### To do
In the entries below, begin at the line that has "KOLEKTOR słoneczny CIŚNIENIOWY", stop after the line that has "نگاهی به درامد ماهانه در های وب", and output those lines exactly with no pictures.

### Raw data
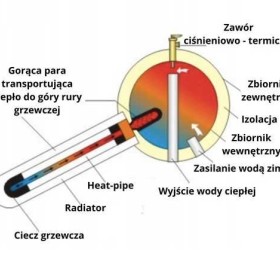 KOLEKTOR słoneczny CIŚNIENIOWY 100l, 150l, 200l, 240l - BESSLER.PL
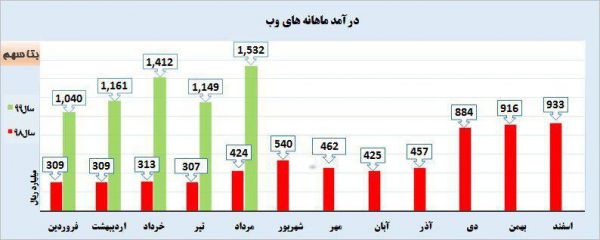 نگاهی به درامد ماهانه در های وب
==
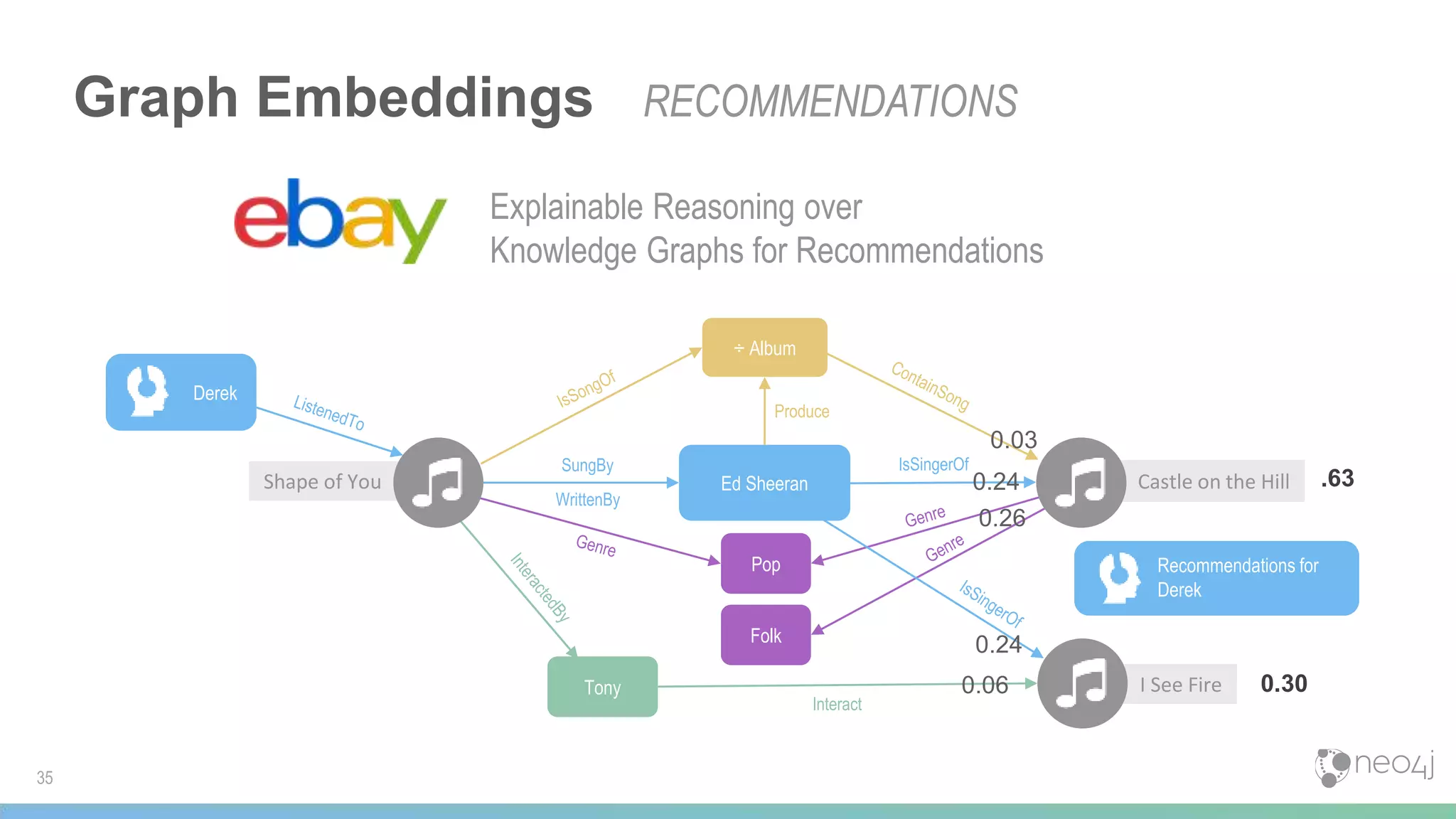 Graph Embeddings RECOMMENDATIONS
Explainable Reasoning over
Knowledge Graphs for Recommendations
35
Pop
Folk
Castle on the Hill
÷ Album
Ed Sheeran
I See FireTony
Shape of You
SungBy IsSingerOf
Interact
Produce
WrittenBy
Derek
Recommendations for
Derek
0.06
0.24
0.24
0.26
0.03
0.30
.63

### Worked solution
 KOLEKTOR słoneczny CIŚNIENIOWY 100l, 150l, 200l, 240l - BESSLER.PL
 نگاهی به درامد ماهانه در های وب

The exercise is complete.